Return the data exactly, with all pictures removed.

__Given data__
Segment Open

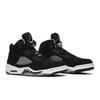 Air Jordan 5 Retro 'Oreo' 2013 (Unisex) Black / Cool Grey / White Vintage Basketball Shoes 136027 035
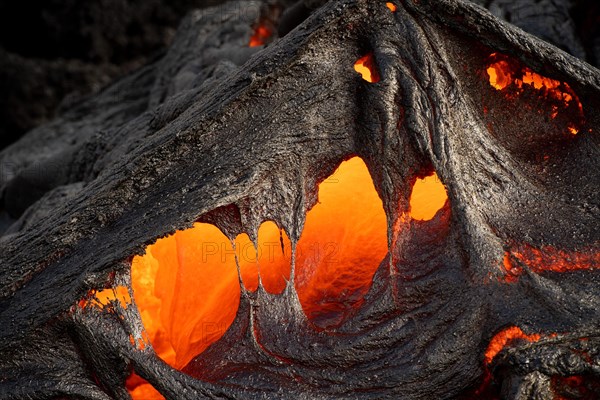 Glowing lava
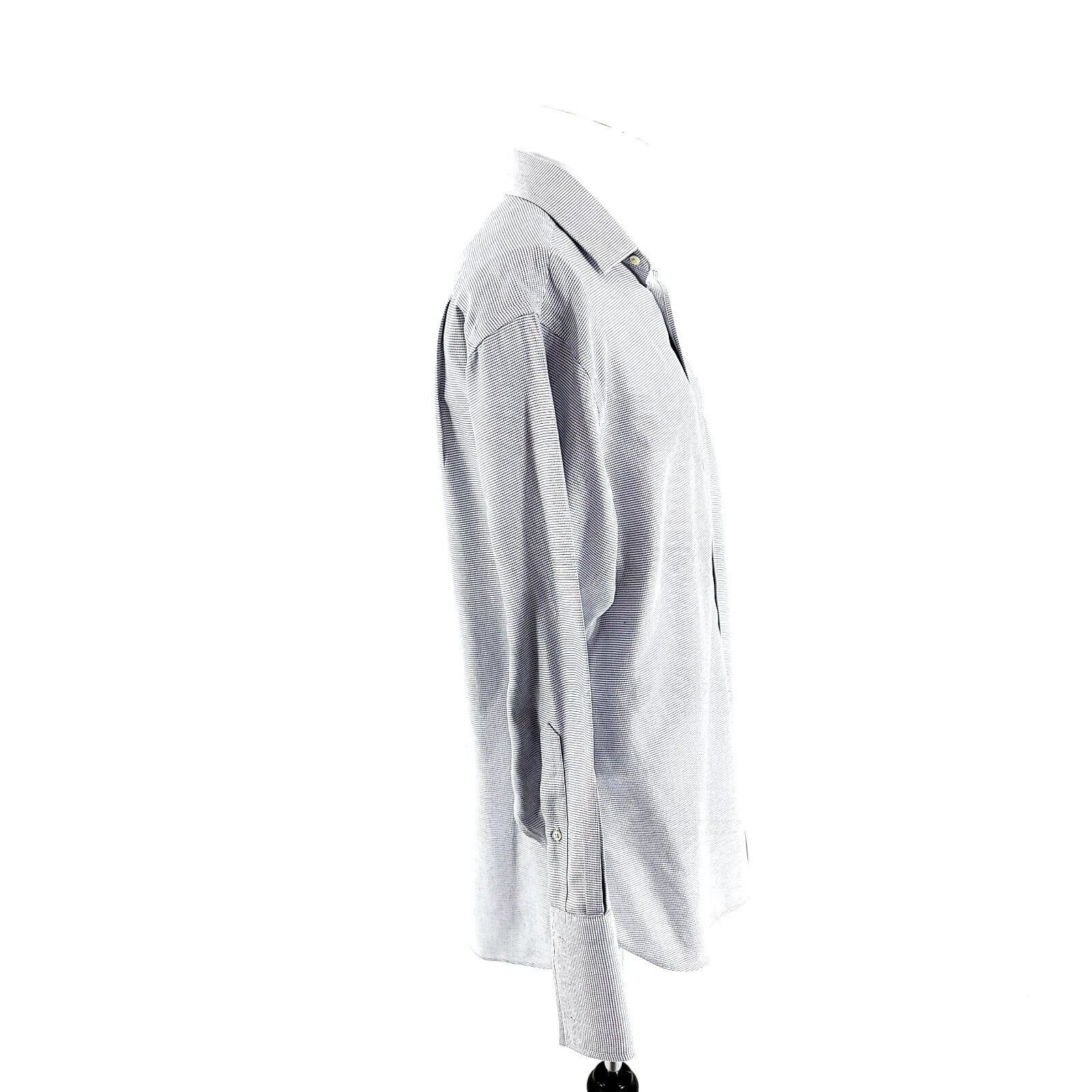 Jos. A. Bank Jos A Bank Signature Button Front Dress Shirt 16-33 White Bl Size US L / EU 52-54 / 3 - 6 Thumbnail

Segment Closed

__The answer__
 Air Jordan 5 Retro 'Oreo' 2013 (Unisex) Black / Cool Grey / White Vintage Basketball Shoes 136027 035
 Glowing lava
 Jos. A. Bank Jos A Bank Signature Button Front Dress Shirt 16-33 White Bl Size US L / EU 52-54 / 3 - 6 Thumbnail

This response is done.